If only Kai Ming knew the whole story of Iroh and Ursa's match, maybe she'd realize stranger things were possible.


Jeong Jeong would have been wasted behind a desk.

His scarred right eye briefly met Iroh's from across the frozen battlefield, just as he smartly avoided a nasty blow from a water whip and punched out at his opponent's legs. Caught by ambush as they were, the waterbenders here had little in the way of armor; the man went down with a shriek, clutching at his ruined limbs.

The healers would've been able to fix him, those women who'd already surrendered and were heaving sobs as their men fell now. Couldn't the Northerners see how badly they'd crippled themselves by not training the women? The Southern tribe didn't have a fancy capital city, but they had fight; it had taken decades of far too many focused raids to wipe out their waterbenders, and there was no chance of pushing Southern waterbenders into servitude in the Fire Nation. Not with their fighting spirit, and especially not after that one who'd escaped…

Jeong Jeong caught another tribal warrior's club and turned it around on him, a sickening crunch resounding from the man's skull. Ouch. Yes, Jeong Jeong was of much greater use to his country out here than shackled to the palace. It was a shame, though. Iroh always felt much better with Jeong Jeong in charge of guarding his family while he was gone.

"What do you think?" he said to Ru, letting Jeong Jeong handle the last handful of nonbender warriors now.

"He's good," Ru conceded. "Of course, I should've known he'd be if you said so."

"He could be your new lieutenant. This is what he wants."

"I'll consider it." Ru turned his head sharply. "Hey! Hands off the prisoners, moron. That's not what we do with people who surrender."

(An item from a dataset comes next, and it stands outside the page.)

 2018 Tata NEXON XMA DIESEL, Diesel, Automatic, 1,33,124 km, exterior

Iroh sent a death glare at the soldier who slunk away from the weeping women. War was nasty enough business without adding that to the mix. "Where will these ones go? To the western islands?" It was quite trendy out there to have a personal waterbending healer, and Northern women had little fighting spirit to worry about thanks to how they'd been raised.

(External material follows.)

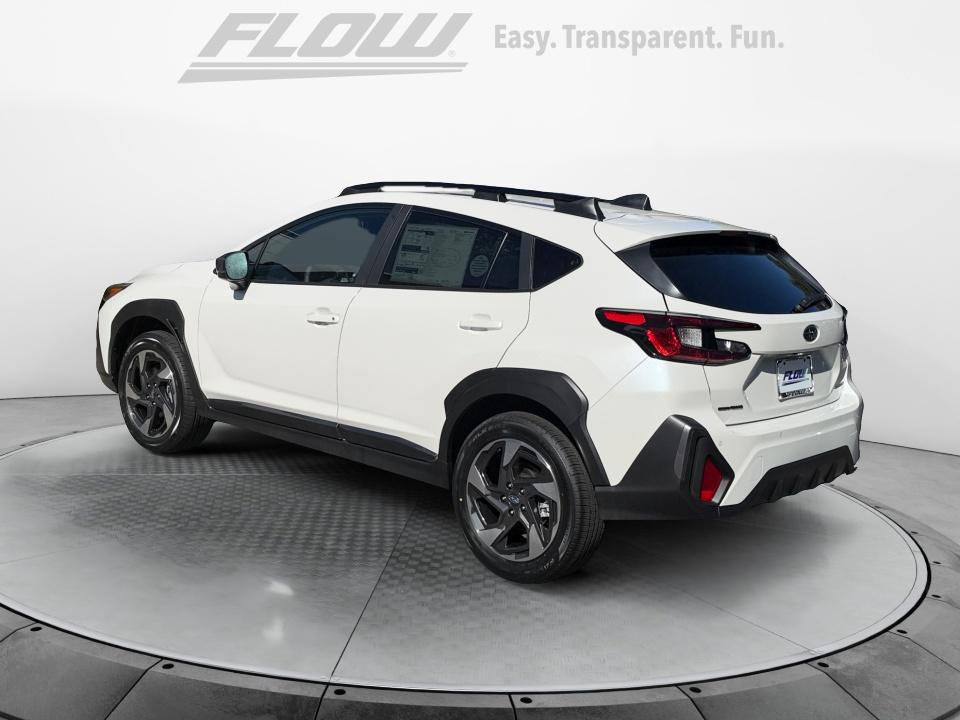 2027 Subaru Crosstrek Limited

"Not sure. Could be that, or there are some professors at the medical schools who want to study them."

Korzu was an admirer of the water tribe healers. "If we could do things like that with fire," he had sighed whenever the water tribes came up at school. Iroh thought of his mother-in-law, a peaceful firebending healer herself, and wondered what she would learn from these women.

"Captain Ru," one of the more competent new soldiers emerged out of a hut, carrying a crude mannequin with lines carved all over it. "We found this. We think the healers use it in their studies."

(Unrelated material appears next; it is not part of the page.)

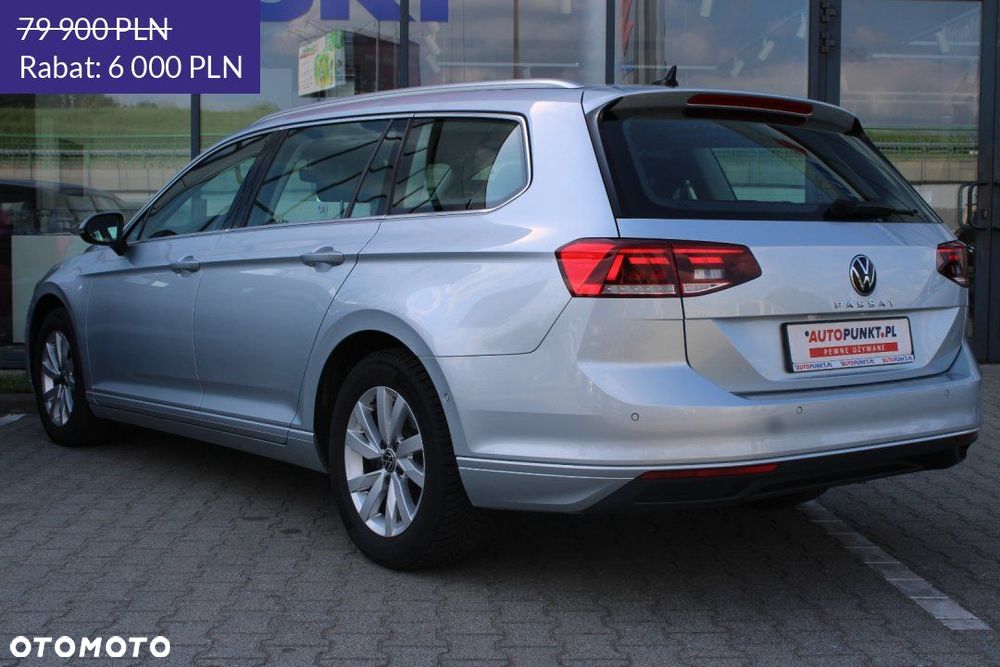 Volkswagen Passat - 7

Iroh squinted at the figure, noting that the pattern of lines looked familiar. Wasn't that the flow of chi through the body? "Is there more than one?" he asked the man.

"Yes, there's a few."

"I'd like one," Iroh said to Ru quietly, "if that's alright. I think Ursa might find it interesting."

"That's fine. The medical schools will probably want the rest."

Jeong Jeong slumped back to Ru and Iroh now, panting heavily as he saluted. He was walking with a bit of a limp, which made sense considering a waterbender had successfully trapped his right leg in ice for a moment. "Captain, I believe the town is secured."

"I believe so too. Nice job. Get yourself some medical attention."

"Here, let me help." Iroh shifted to Jeong Jeong's weak side, offering an arm so Jeong Jeong could brace himself.

"If I'm allowed to inquire, did I pass your test?" Jeong Jeong asked as they hobbled towards the ship.

"Who said there was a test?"

"Do you think your captain of the guard is an idiot?"

Iroh smiled. "No, but I had to check. You're good, Jeong Jeong. You can be whatever you want in the navy if you put the years in."

"That's all I've ever wanted," Jeong Jeong smiled back. "Still, I worry I was too reckless out there. I'm not sure how much use I'll be on the rest of this deployment with this leg."

"If that was your idea of recklessness, I think you'll be fine. Everyone has a learning curve on their first mission. Your leg will be fixed quickly by one of those healers, and in the meantime, I can test you on something else."

"What's that?"

"Pai Sho. I'm willing to bet Jinpa taught you some? Seeing how much he liked you."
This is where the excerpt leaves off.